*** Opening Exercise inputs ***

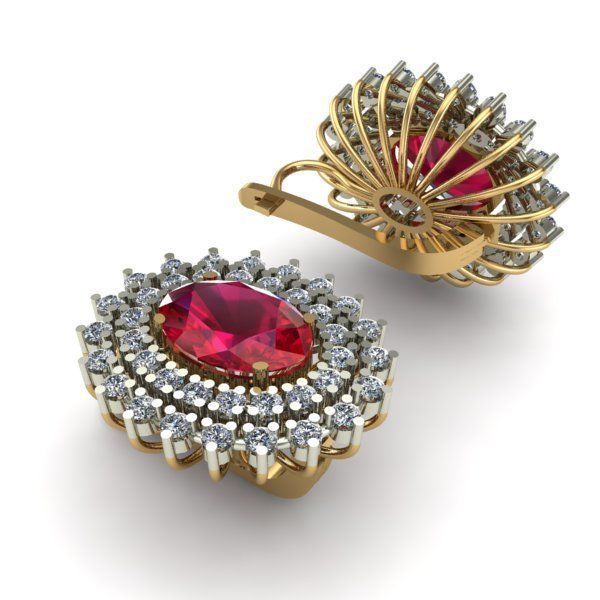 WOMEN EARRINGS 3D print model_2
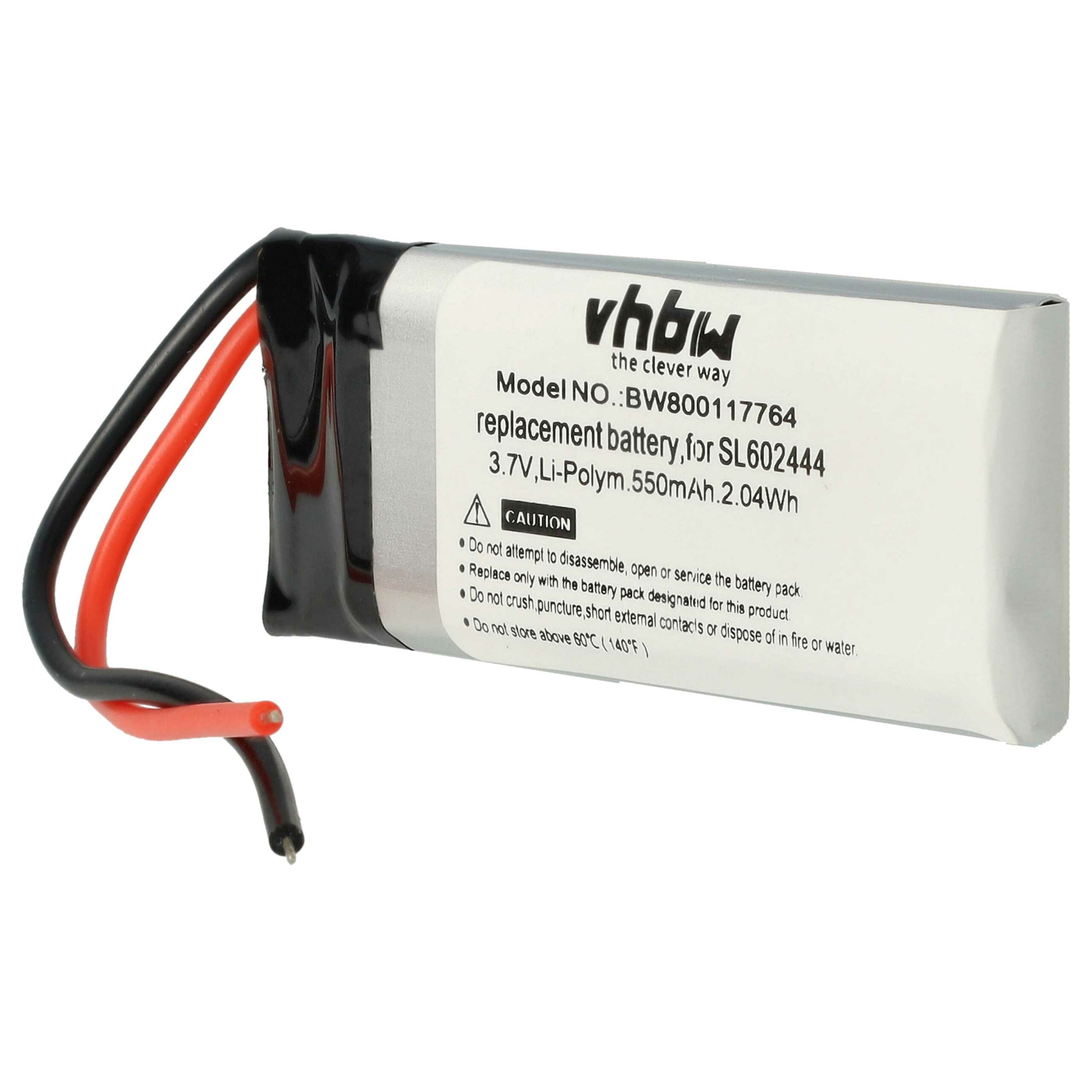 Bateria para Irrigador Dentário Philips SL602444 - 550mAh vhbw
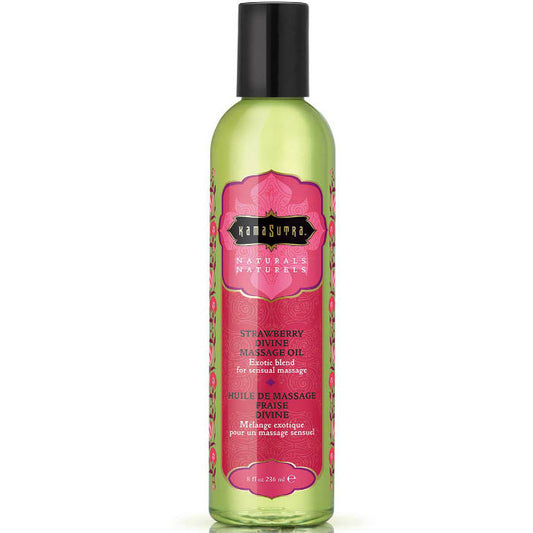 KAMASUTRA - NATURALS ACEITE DE MASAJE FRESA DIVINA 236ML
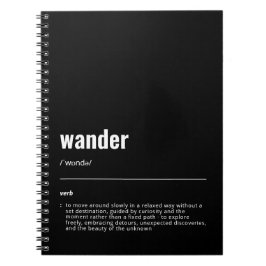 WanderTag - Wander Carnet noir
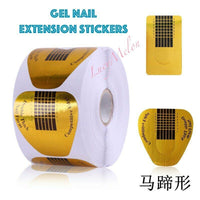 Gel Nail Extension Stickers Nail Art Acrylic Gold Nail Forms Tips Mani AU Stock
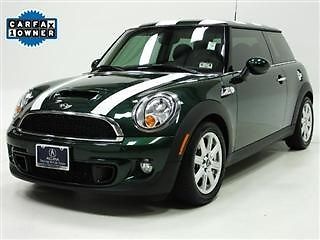2013 mini cooper s hardtop 2dr coupe leather heated seats cd usb aux warranty!!!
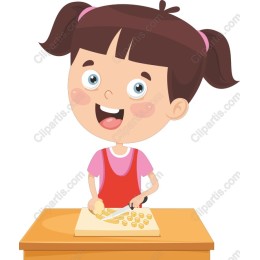 Happy Cooking Girl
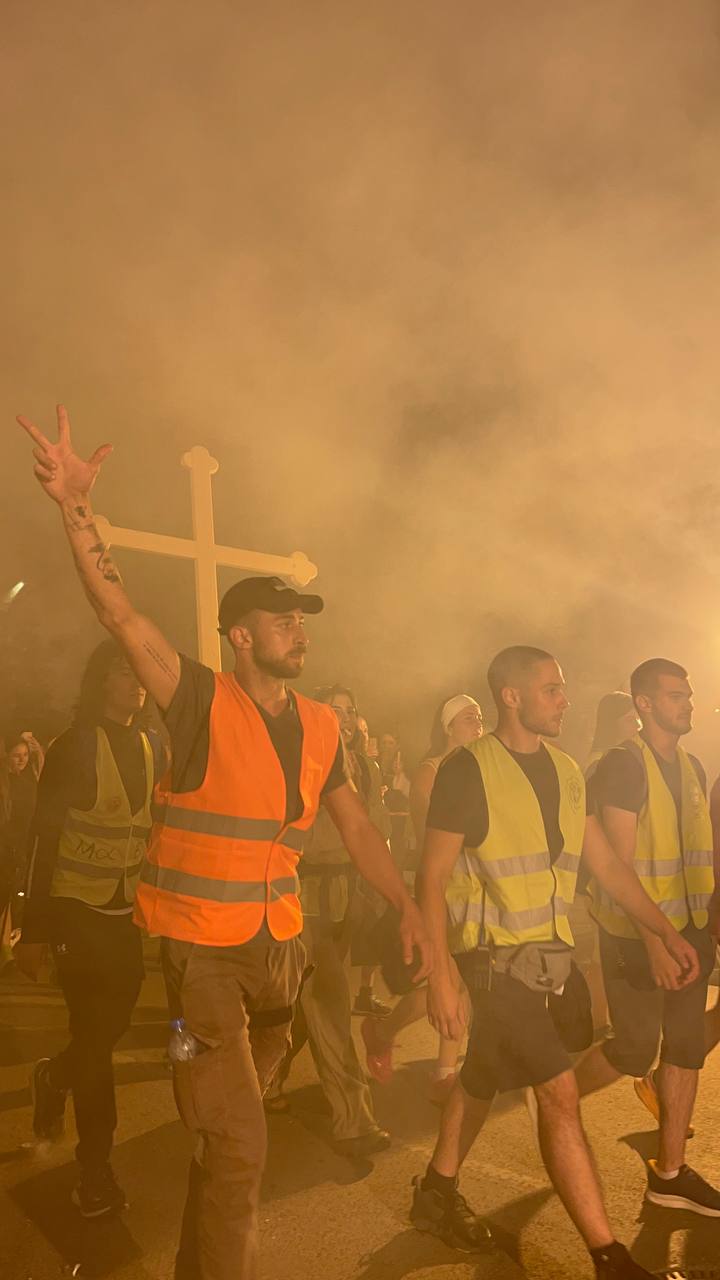 Student and civic protest Serbia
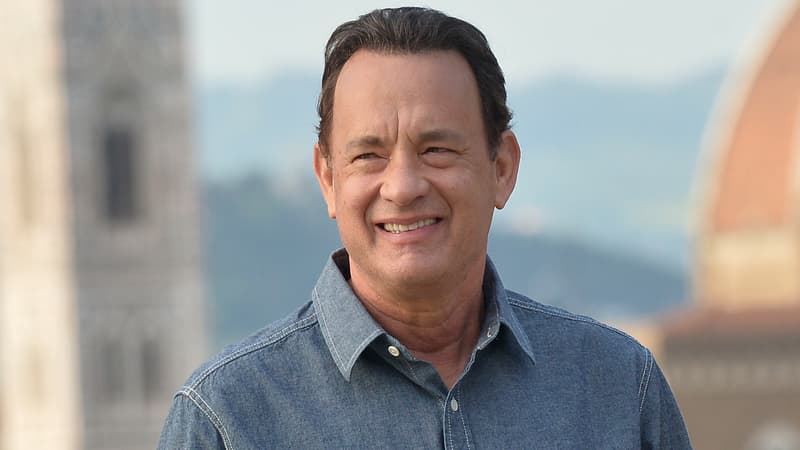 L'acteur américain Tom Hanks à Florence en mai 2015 pour le fim Inferno.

*** Closing Exercise inputs ***

Exercise directions ▸
Each record above must be retyped exactly as given, with the images excluded.

Result ▸
 WOMEN EARRINGS 3D print model_2
 Bateria para Irrigador Dentário Philips SL602444 - 550mAh vhbw
 KAMASUTRA - NATURALS ACEITE DE MASAJE FRESA DIVINA 236ML
 WanderTag - Wander Carnet noir
 Gel Nail Extension Stickers Nail Art Acrylic Gold Nail Forms Tips Mani AU Stock
2013 mini cooper s hardtop 2dr coupe leather heated seats cd usb aux warranty!!!
 Happy Cooking Girl
 Student and civic protest Serbia
 L'acteur américain Tom Hanks à Florence en mai 2015 pour le fim Inferno.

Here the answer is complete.